O compositor Gilberto Mendes (1922-2016) foi homenageado ao lado de Edino Krieger durante a segunda edição do Festival de Música Contemporânea, em 2015. Um dos pontos altos da participação de Mendes no evento, ocorreu durante o seu concerto comentado, do qual participaram os músicos Fernando Hashimoto, Tamara Goldstein, Brielle Frost, Emerson de Biaggi, Esdras Rodrigues, Lars Hoefs, Luiz Amato, Thais Nicolau e Anna Carolina Sacco.

Dono de um imenso senso de humor o compositor teve a oportunidade de falar um pouco mais sobre algumas das peculiaridades que cercam suas obras e compartilhou também suas principais referências e os objetivos que o guiaram em sua escrita musical.

Festival de Música Contemporânea Brasileira
Fernando Hashimoto e Gilberto Mendes durante o concerto comentado do FMCB 2

Uma das obras abordadas por ele foi o Blirium C 9, peça interpretada pelo percussionista e professor Fernando Hashimoto, peça que surge no momento em que é interpretada a partir da combinação de indicações do compositor e de escolhas do intérprete. Gilberto Mendes explicou que o nome Blirium C 9 é algo que está vinculado com o pop art, e é um nome que lembra remédio:


“Eu mesmo tomava o Librium 10, era um calmante poderoso pra eu poder entrar no avião porque eu tinha muito medo”.


Blirium C9: um breve histórico

Composta em 1965 a obra integra um conjunto ao lado de outras quatro composições – A-9, B-9, D-9 e Blirium Total (Seger e Souza) – que possuem como principal fonte de inspiração a indeterminação e a aleatoriedade. Para Maria Helena Del Pozzo, entre as inúmeras tendências e recursos composicionais que surgem no século XX “a indeterminação foi aquela que provocou maiores mudanças nos conceitos fundamentais – aceitos até então – sobre o posicionamento do compositor, do intérprete e da própria obra”. A autora recorda que no Brasil, os precursores destas técnicas foram os compositores vinculados ao grupo Música Nova, ao qual pertencia Gilberto Mendes.

As partituras desta série possuem um forte diferencial que é o de se sustentar em um conjunto de indicações do compositor que deixa em aberto a possibilidade do intérprete inserir a marcação dos ritmos na partitura. Este “novo grafismo”, como chamava Gilberto Mendes, ganhou notoriedade internacional através de Karlheinz Stockhausen que compôs Aus den sieben Tagen em 1968. O brasileiro certa vez explicou a diferença entre as duas abordagens observando que


“Ele (Stockhausen) tinha por objetivo uma música intuitiva, a ser feita com base num texto de natureza literária. Eu pretendi uma música igualmente aleatória, levada às últimas consequências, mas absolutamente controlada pelo meu texto, nos mínimos detalhes, uma espécie de receita de composição. Compus não a música, mas a “máquina” de fazer música. Deixei para o intérprete a composição da música, por meio da “máquina” que inventei, pelo jogo das possibilidades combinatórias, que ela lhe permite, dos dados da “programação” estabelecida por mim”.

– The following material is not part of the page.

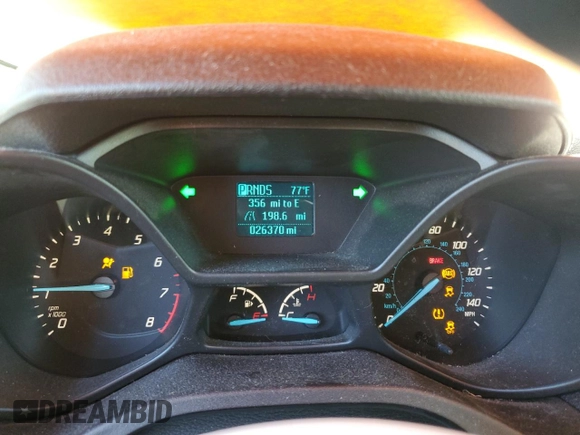 2017 Ford Transit Connect XL z VIN NM0LS6E77H1307507, wystawiony jako Copart lot #63097715 z przebiegiem 26 370 mil mil oraz Szkoda całkowita • Salvage title. Historia ofert i sprzedaży dostępna na DreamBid. Obrazek 9.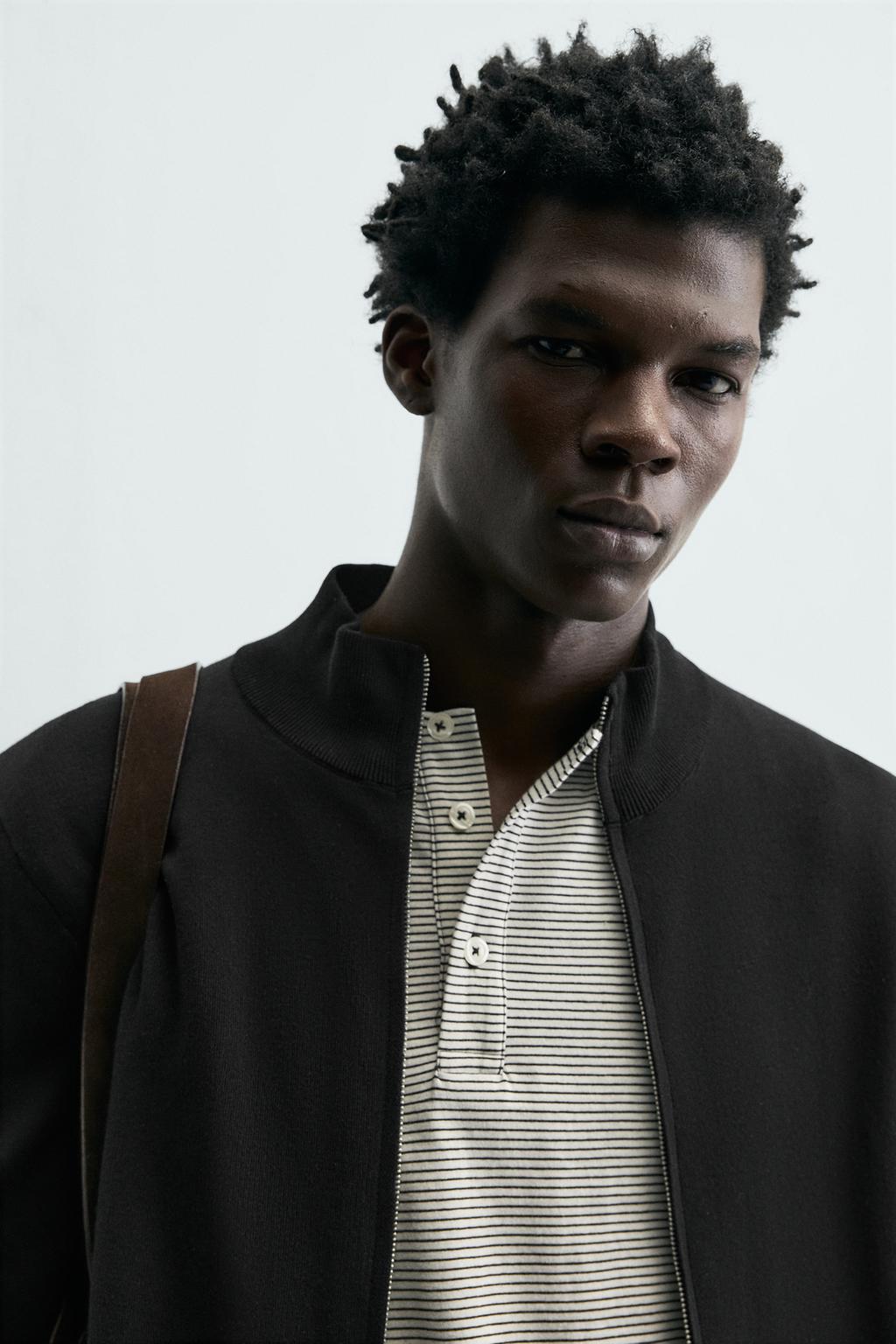 КАРДИГАН С ЗАСТЕЖКОЙ-МОЛНИЕЙ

Festival de Música Contemporânea Brasileira
Partitura de Blirium C9

Apesar da certa ideia de controle ofertada pela “máquina” de Mendes, Maria Helena Dal Pozzo chama a atenção para os desafios que a peça impõe aos intérpretes. Segundo a autora o Blirium C9 exige “um treino minucioso, uma vez que não há uma parte fixa a ser executada. O intérprete deve estar apto a realizar as escolhas exigidas no momento da execução, tornando a interpretação fluente. Desta maneira, esta peça torna-se extremamente difícil para o intérprete que não está acostumado às novas grafias e à liberdade de escolha no momento da execução” (Dal Pozzo). Seger e Souza complementam a questão e afirmam que “a experiência de execução de uma obra como Blirium C-9 é, antes, experiência de invenção: rede relacional tecida a cada interpretação, que surge no instante fugidio do tempo e logo desaparece, de volta à sua forma de pura potência, máquina de raios”.

A música que nasce no momento em que é interpretada se abre para inúmeras possibilidades sonoras e analíticas, como a realizada por Seger e Souza a partir do viés da psicanálise onde “a indeterminação presente na obra acaba por remeter à indeterminação mesma que nos constitui”. Composta em um momento de profusas modificações e intenso debate no cenário musical, Blirium C9, segundo Gilberto Mendes “matou o meu desejo finito sobre a música aleatória”.